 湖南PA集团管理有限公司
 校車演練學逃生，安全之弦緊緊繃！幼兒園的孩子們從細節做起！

======

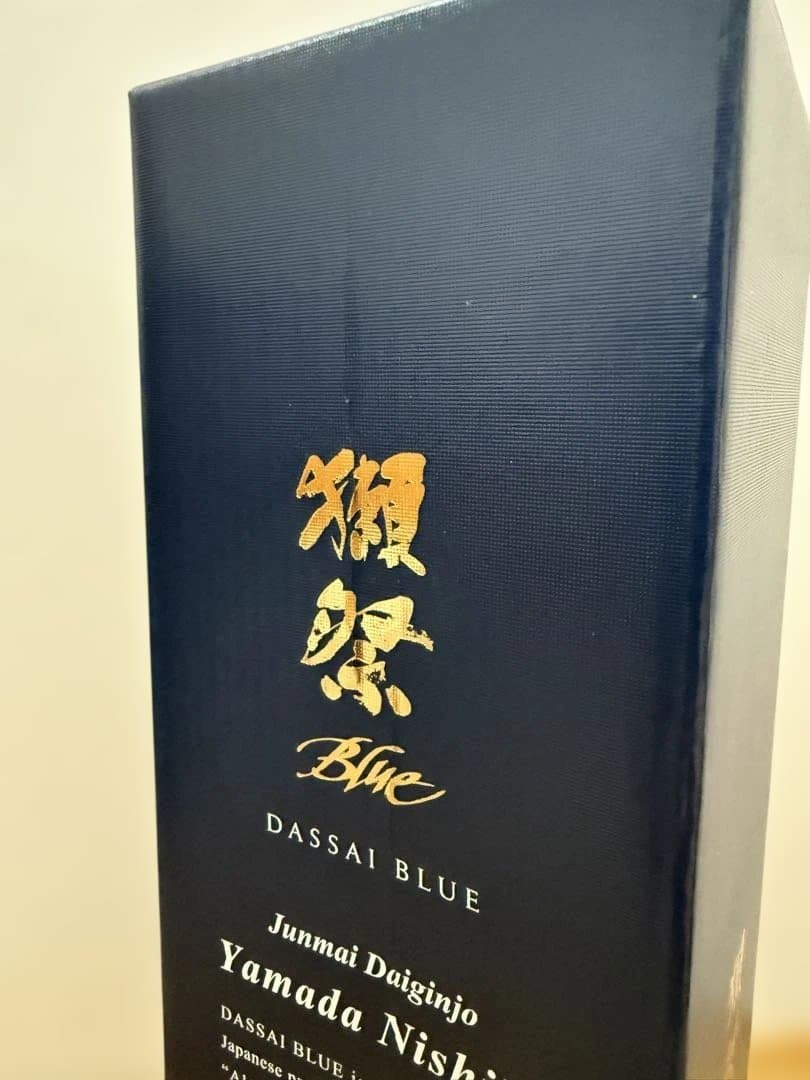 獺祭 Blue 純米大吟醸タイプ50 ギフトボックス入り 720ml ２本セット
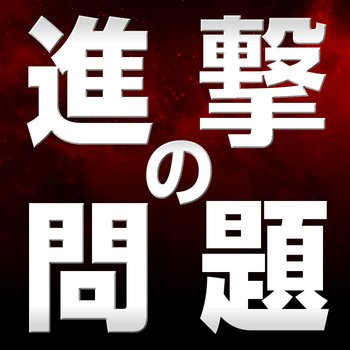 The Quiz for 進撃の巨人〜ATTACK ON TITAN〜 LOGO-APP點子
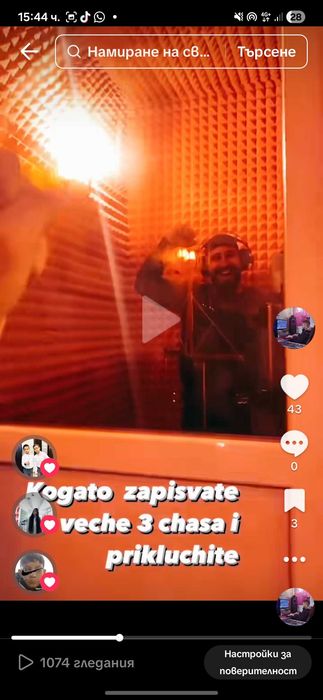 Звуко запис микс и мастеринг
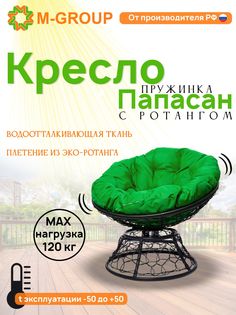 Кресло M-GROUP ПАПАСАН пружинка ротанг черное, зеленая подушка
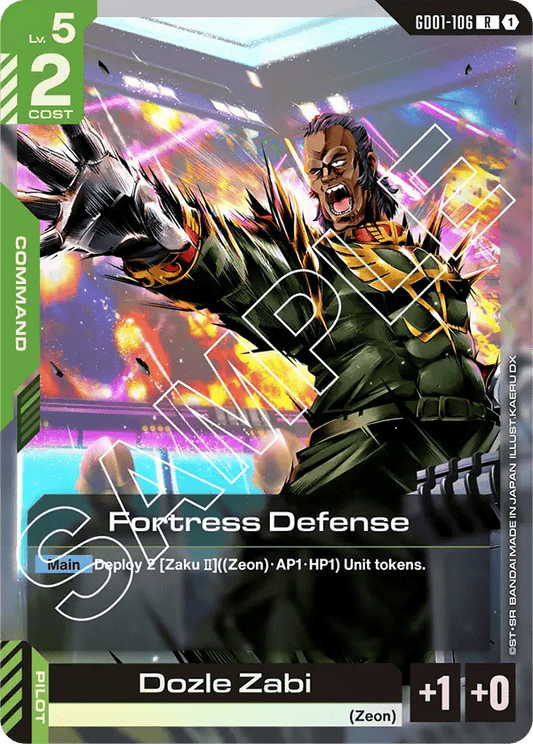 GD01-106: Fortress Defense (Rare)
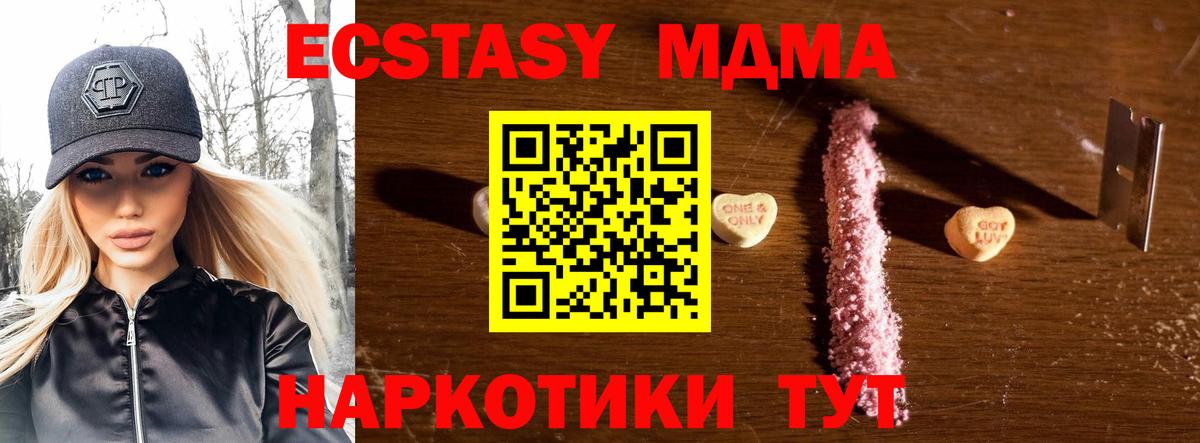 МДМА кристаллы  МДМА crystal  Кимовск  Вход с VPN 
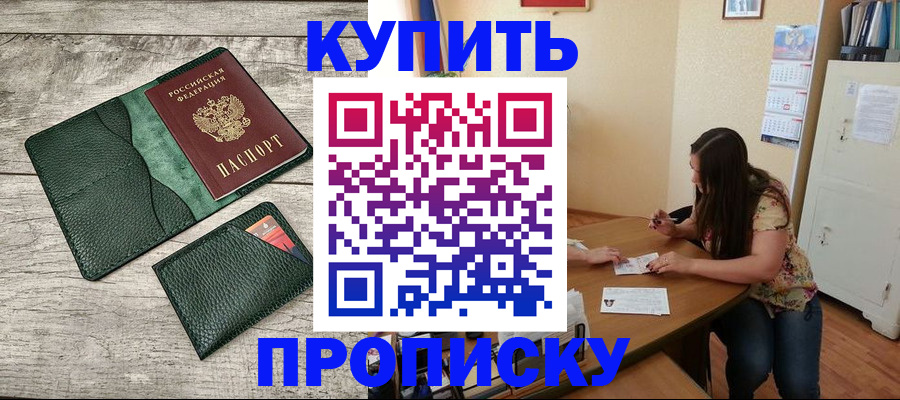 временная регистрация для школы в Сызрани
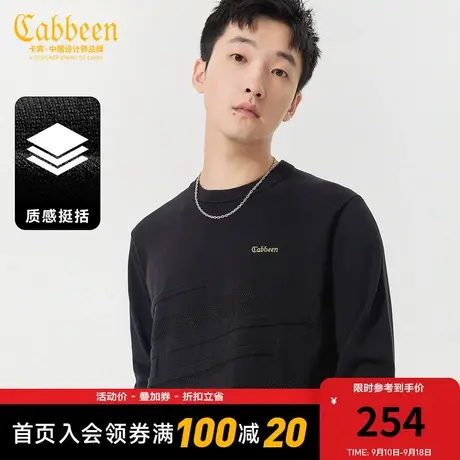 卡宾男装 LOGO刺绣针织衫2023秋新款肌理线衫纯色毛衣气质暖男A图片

======

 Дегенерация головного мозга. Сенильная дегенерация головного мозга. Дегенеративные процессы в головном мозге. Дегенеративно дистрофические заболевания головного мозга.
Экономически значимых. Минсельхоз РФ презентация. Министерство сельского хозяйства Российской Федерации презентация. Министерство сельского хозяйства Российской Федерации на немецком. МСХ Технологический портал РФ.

======

■ Activity ■
Copy out, word for word, the part of the entries above that begins at the line with "Дегенерация головного мозга. Сенильная" and ends at the line with "Экономически значимых. Минсельхоз", including both.

■ Worked solution ■
 Дегенерация головного мозга. Сенильная дегенерация головного мозга. Дегенеративные процессы в головном мозге. Дегенеративно дистрофические заболевания головного мозга.
Экономически значимых. Минсельхоз РФ презентация. Министерство сельского хозяйства Российской Федерации презентация. Министерство сельского хозяйства Российской Федерации на немецком. МСХ Технологический портал РФ.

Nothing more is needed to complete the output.